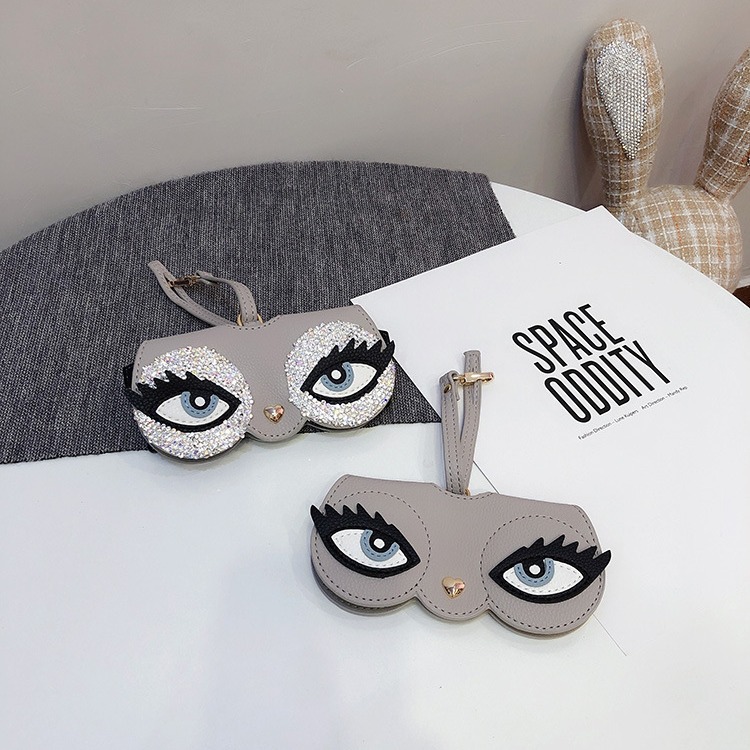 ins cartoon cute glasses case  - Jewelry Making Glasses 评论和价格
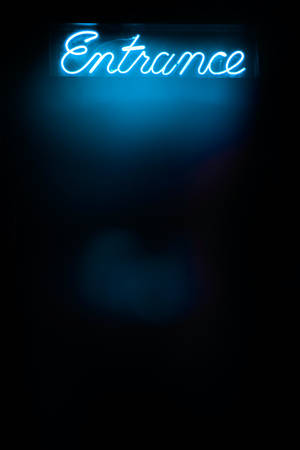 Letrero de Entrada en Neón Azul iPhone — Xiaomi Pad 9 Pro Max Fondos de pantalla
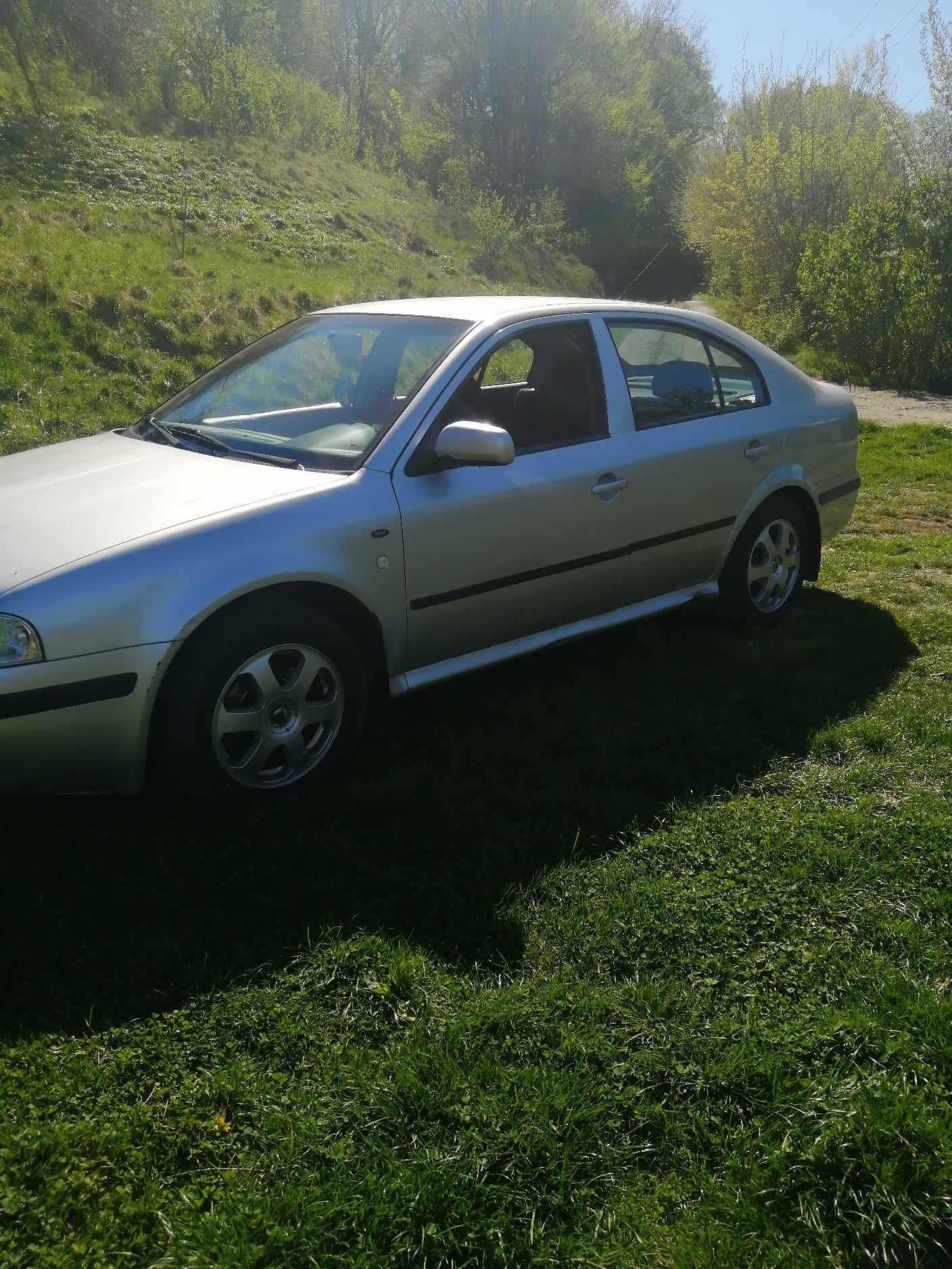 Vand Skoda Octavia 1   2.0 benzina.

==================================================

# [Problem]
Would you please write out exactly the lines between the line containing "Letrero de Entrada" and the last line of the listing above, inclusive, without pictures?

# [Response]
 Letrero de Entrada en Neón Azul iPhone — Xiaomi Pad 9 Pro Max Fondos de pantalla
 Vand Skoda Octavia 1   2.0 benzina.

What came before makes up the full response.